Aucune enseigne McDonald’s n’a jamais ouvert ses portes en Corse, alors que le géant du fast-food compte plus de 1 500 restaurants en France continentale. Malgré plusieurs tentatives d’implantation, toutes les démarches ont échoué face à des résistances persistantes. Ce cas unique interroge les rapports entre économie, traditions locales et modèles alimentaires mondialisés.
Ce que révèle l’absence de McDonald’s sur la singularité corse face à la mondialisation
Sur la carte de France, la Corse apparaît comme une anomalie : aucun McDonald’s n’a jamais franchi le rivage de l’île. Plus de 1 560 restaurants du géant américain quadrillent l’Hexagone, des grandes métropoles aux villes moyennes. Mais sur les quais d’Ajaccio, le projet d’ouverture a tourné court en 2000, arrêté net après un incendie. Depuis, silence radio et portes closes. Comme l’a confirmé McDonald’s France à Corse Matin, aucun plan d’implantation n’est à l’ordre du jour.
Pourquoi ce refus persistant ? Plusieurs facteurs s’additionnent et pèsent lourd dans la balance. D’abord, il y a la question logistique : pour alimenter l’île, le coût grimpe de 30 % par rapport au continent. Entre la traversée maritime, la rareté des liaisons aériennes et les routes parfois escarpées, approvisionner efficacement un fast-food relève du casse-tête. Le modèle McDonald’s, construit sur l’efficacité logistique et la standardisation extrême, heurte ici une réalité fragmentée, coûteuse et difficile à maîtriser.

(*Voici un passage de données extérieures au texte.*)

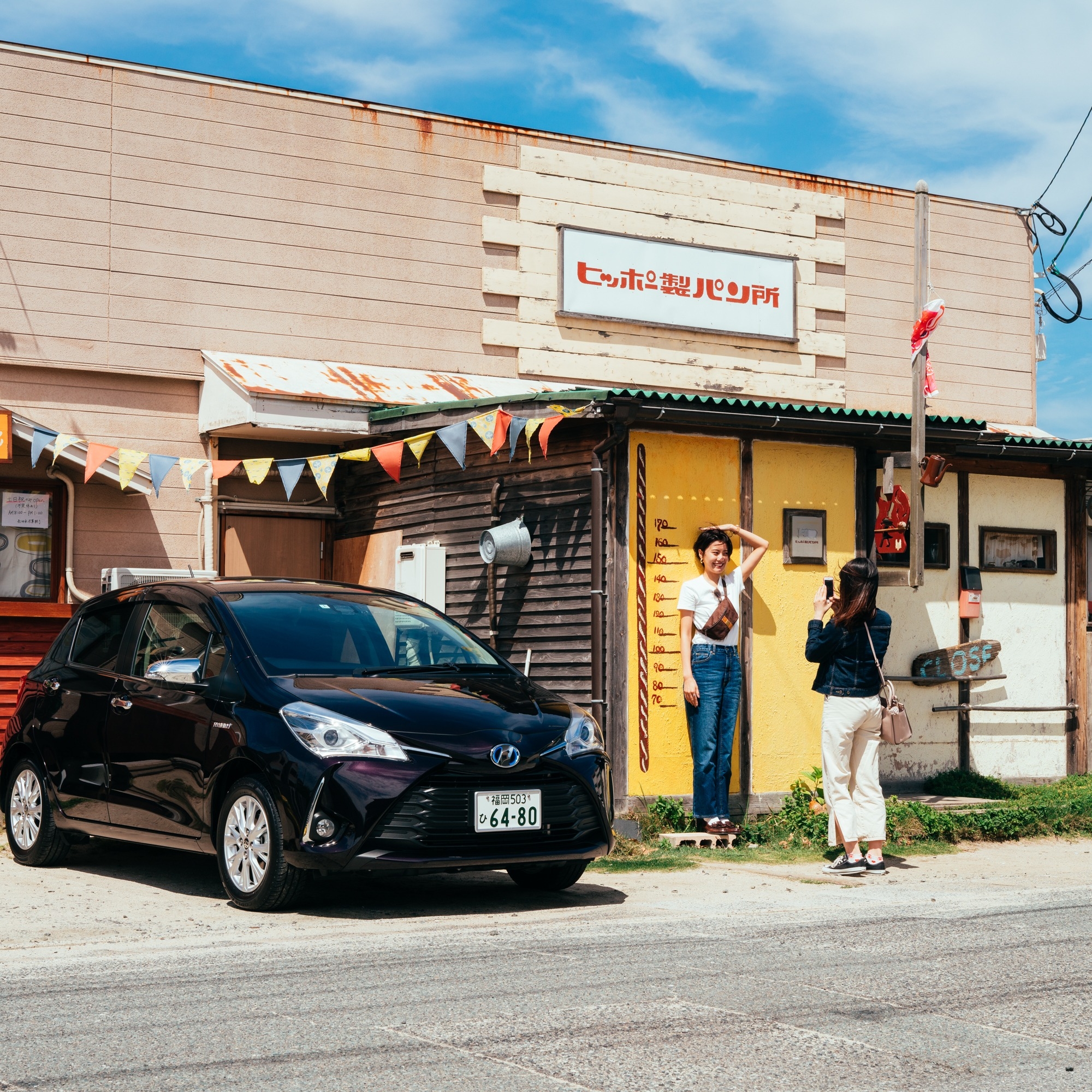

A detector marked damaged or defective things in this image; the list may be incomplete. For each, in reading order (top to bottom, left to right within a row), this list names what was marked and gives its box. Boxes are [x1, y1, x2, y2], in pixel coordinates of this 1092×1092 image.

rusty metal roof [201, 352, 572, 408]
rusty metal sheet [202, 354, 572, 411]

Quelques éléments concrets permettent de mieux saisir ce qui bloque :
- Population corse : l’île compte 340 000 habitants à l’année, un chiffre modeste et une densité faible. Hors saison, le marché local se rétracte.
- Tourisme Corse : en été, la population explose et triple, mais cette flambée reste trop brève pour garantir la rentabilité d’un mastodonte comme McDonald’s.

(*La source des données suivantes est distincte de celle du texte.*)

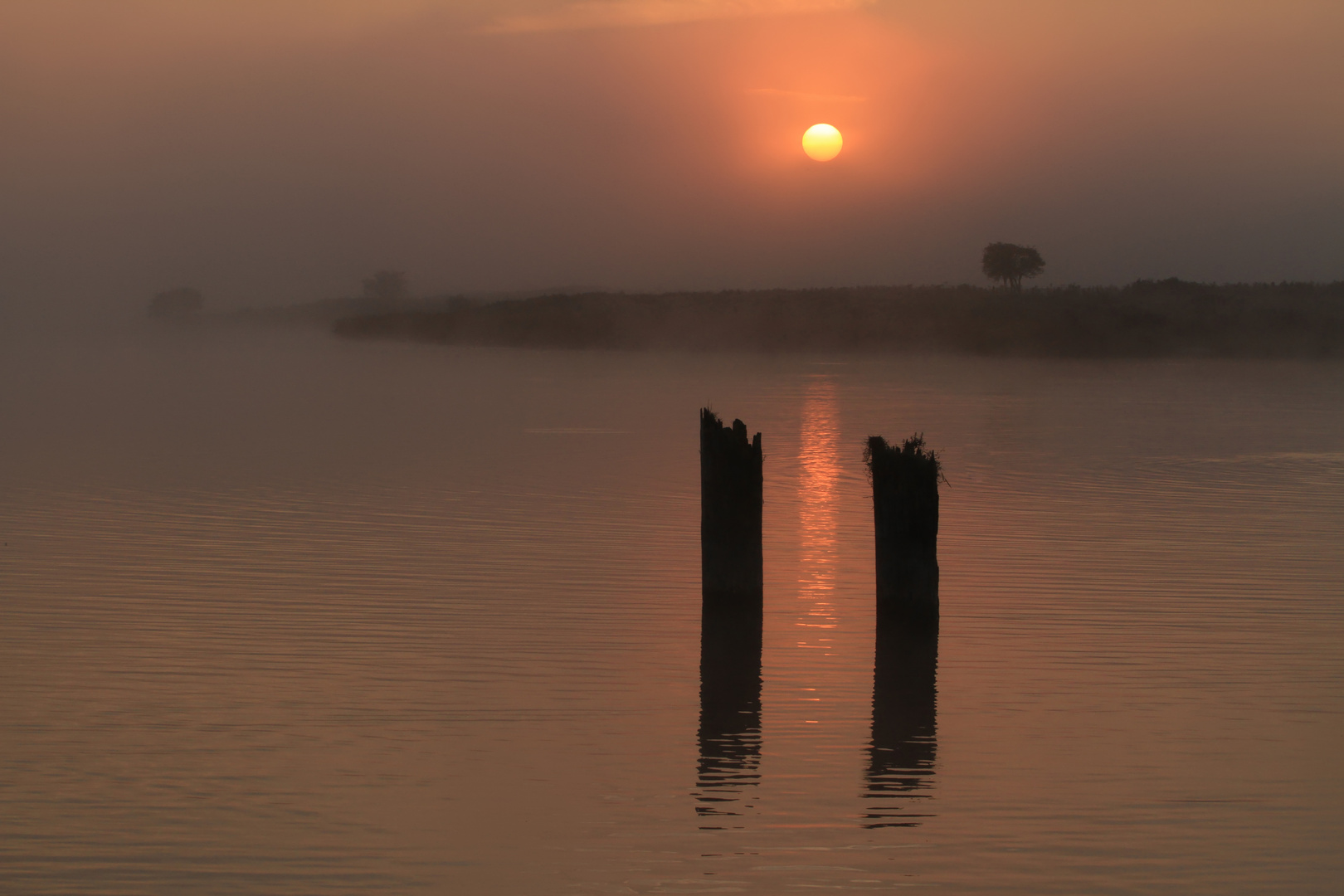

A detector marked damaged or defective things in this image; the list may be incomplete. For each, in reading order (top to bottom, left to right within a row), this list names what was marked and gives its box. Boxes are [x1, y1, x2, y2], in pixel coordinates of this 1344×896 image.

broken post top [699, 411, 763, 459]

Ce phénomène n’est pas réservé à la restauration : Lidl, autre acteur international, fait aussi défaut en Corse pour des raisons similaires. L’île impose un mode d’emploi qui ne colle pas à la logique de développement massif, si chère aux grandes chaînes mondiales. Ainsi, la singularité corse s’affirme, non seulement à travers des contraintes logistiques concrètes, mais aussi par une forme de résistance à la standardisation du goût et des modes de consommation imposés par la mondialisation alimentaire.
L’identité culinaire de l’île : entre traditions vivaces et résistance aux chaînes internationales
Dans l’assiette, la Corse défend une identité culinaire forgée par l’histoire, la géographie et une volonté farouche de transmission. Ici, le patrimoine culinaire n’est pas un décor : il irrigue la vie quotidienne, du marché animé de Bastia aux tables familiales où figatellu, brocciu ou lonzu racontent l’île mieux que n’importe quel discours. Les produits locaux et recettes héritées s’imposent encore comme la norme, bien loin du folklore pour touristes.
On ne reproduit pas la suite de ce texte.